### [Task to complete]
Before you return the lines below, strip out any images and keep every word as written.

### [Data provided]
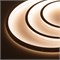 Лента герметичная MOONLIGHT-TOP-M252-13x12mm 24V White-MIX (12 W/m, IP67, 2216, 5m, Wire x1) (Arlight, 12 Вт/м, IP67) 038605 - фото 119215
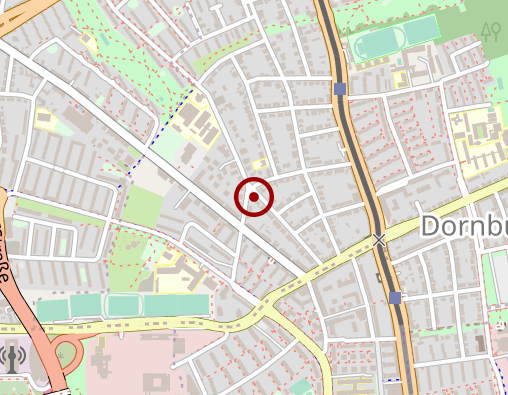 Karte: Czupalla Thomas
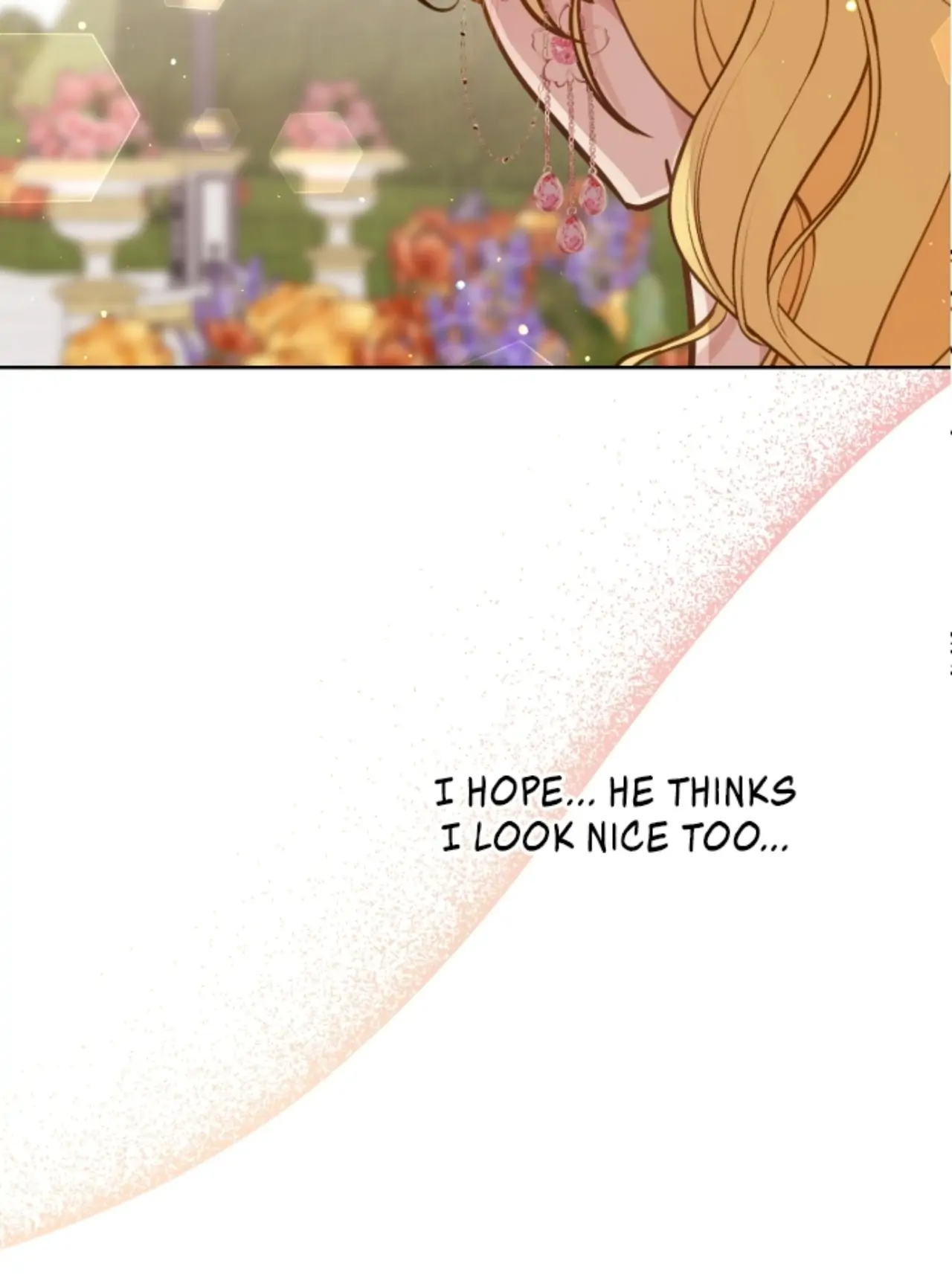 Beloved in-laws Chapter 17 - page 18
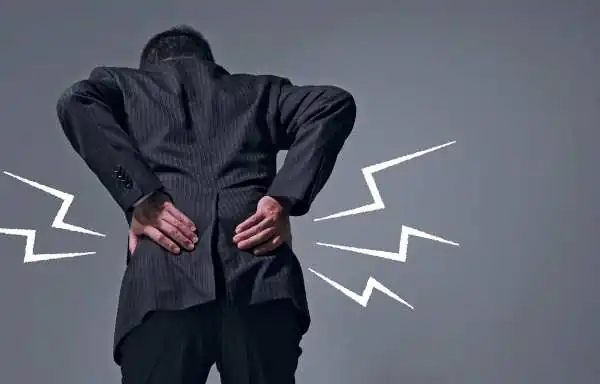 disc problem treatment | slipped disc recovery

### [Solution to this exercise]
 Лента герметичная MOONLIGHT-TOP-M252-13x12mm 24V White-MIX (12 W/m, IP67, 2216, 5m, Wire x1) (Arlight, 12 Вт/м, IP67) 038605 - фото 119215
 Karte: Czupalla Thomas
 Beloved in-laws Chapter 17 - page 18
 disc problem treatment | slipped disc recovery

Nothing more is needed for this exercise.